We saw Mom outdoors three times during the summer including her August birthday. I went to her home two additional times to help with paperwork. The best day for all of us was when we ate outdoors in late August and then went to the park to watch my nephew play basketball. For Mom, that was pure joy.
We ask her all the time if we could help her or come down to be with her (anything to make that family piece work). Her wisdom takes over and she says:
“Respectfully I don’t want your germs. I’m only letting in here the germs I know.”
So, we continued to abide by her “germs I know” theory, and we stayed away, speaking with her a few times a day, always worried about her well-being as she worried even more about ours in a COVID world.
“Do you have to go to work?”
“Please make sure you wear a mask today, maybe even a double mask”
“Do you really have to go to the grocery store?”
She is far wiser than we. She has never complained about the isolation or the Thanksgiving or Christmas she spent by herself choosing to stay in her bubble. Sure, we made certain that she had Thanksgiving dinner and that her Christmas presents were handed to her through the door, but that is not the same as being around a Christmas tree with her family.

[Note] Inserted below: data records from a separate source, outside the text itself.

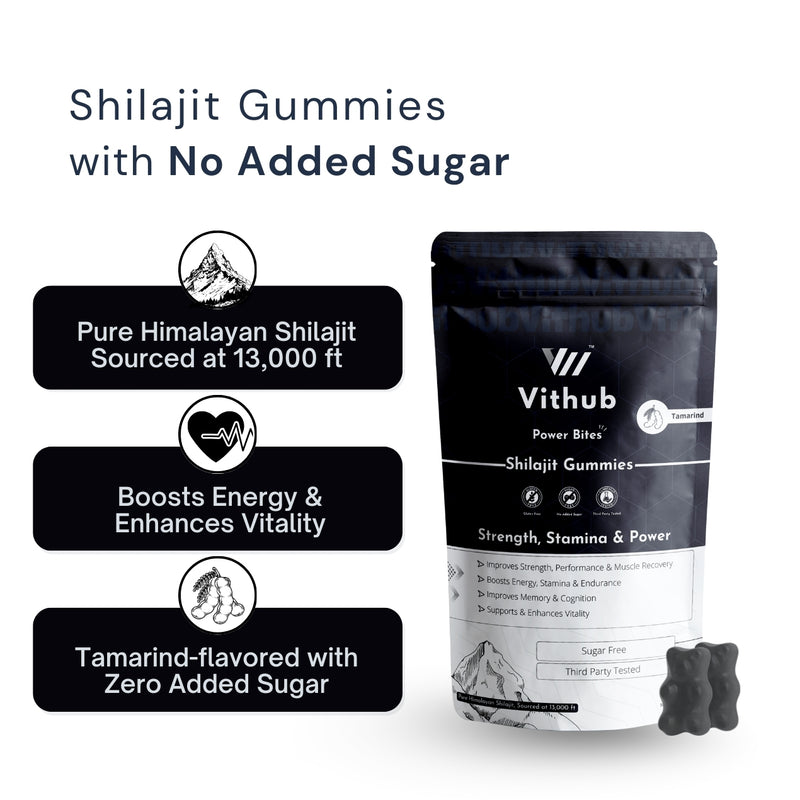 Close-up of tamarind-flavored Shilajit gummy chew
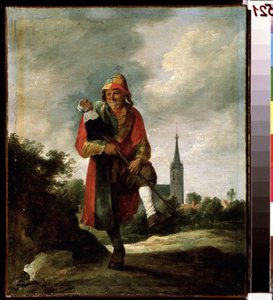 Tyhmä (Tyhmä). David Teniersin nuoremman (1610-1690) maalaus. Öljy kankaalle, 35 x 29 cm, noin 1640. Flanderin taide, barokkitaide. Pushkinin taidemuseo, Moskova. tekijältä David Teniers the Younger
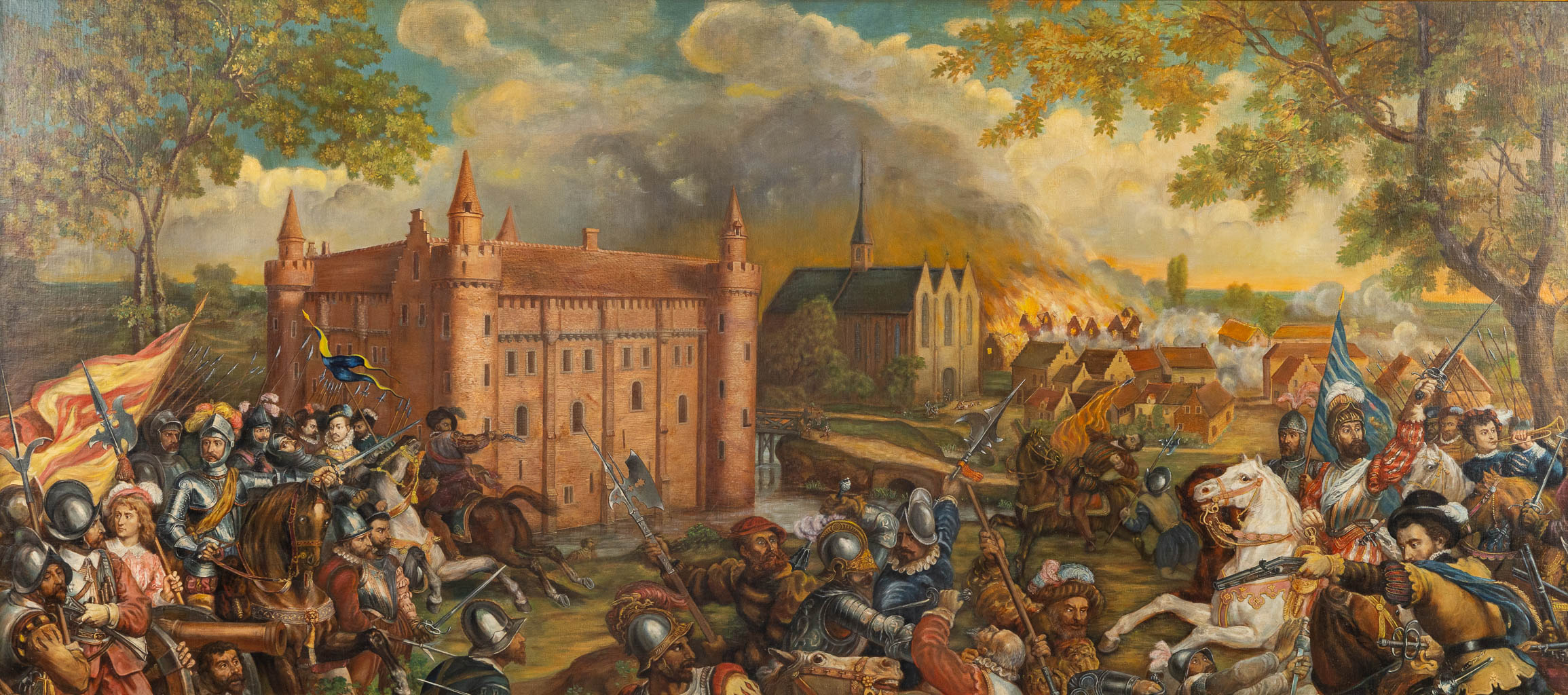 Een Historische Scène 'Beleg van het Kasteel van Ingelmunster, 10 mei 1580', olie op doek. 19de eeuw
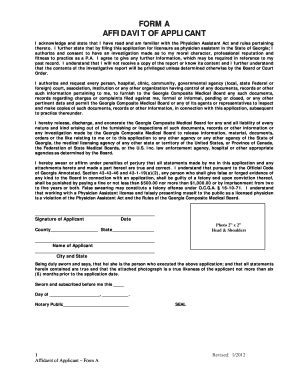 Fillable Online Medicalboard Georgia FORM A AFFIDAVIT OF APPLICANT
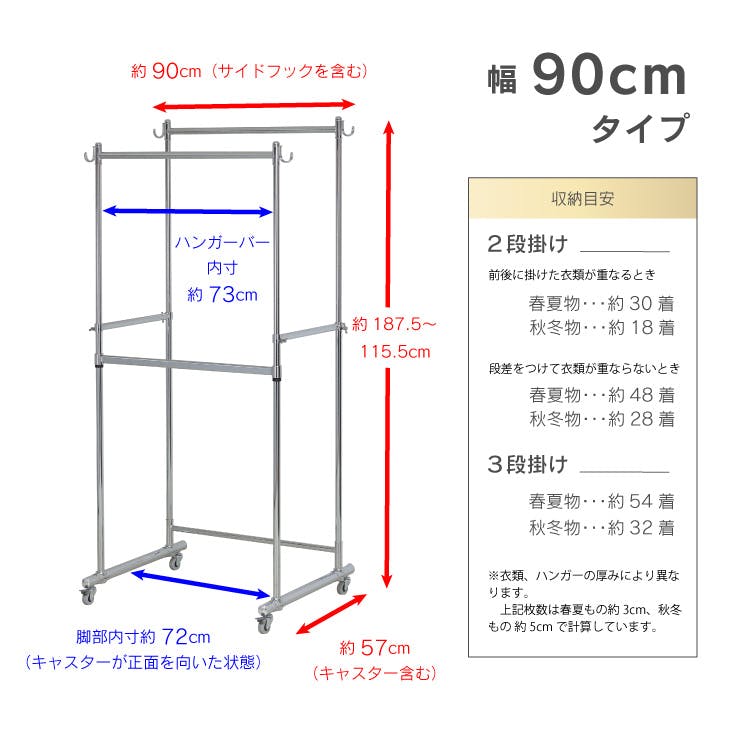 頑丈 ダブル ハンガーラック 幅90cm 総耐荷重180kg キャスター付き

And now she is vaccinated. You want to talk about joy? That vaccine to her means she can safely be with her family again. Indeed, with all of us vaccinated we spent time together on Easter. It was pure joy. So, while my Mom did not have to survive fascism like her parents, she had to survive through the tyranny of COVID. The seemingly indiscriminate intent, killing people with aplomb, one victim after another, and the disproportionate target of the vulnerable. All mimicking the tyranny of fascism. But she survived!
Dr. Fauci, Dr. Walensky, and my Mom’s “germ wisdom” is clear. I am volunteering her as an example of how to survive a pandemic. How to do it with social distancing, a mask, and gloves. How to sacrifice seeing the people you love now for a time beyond this. But mostly how to survive the pandemic with incredible grace and joy.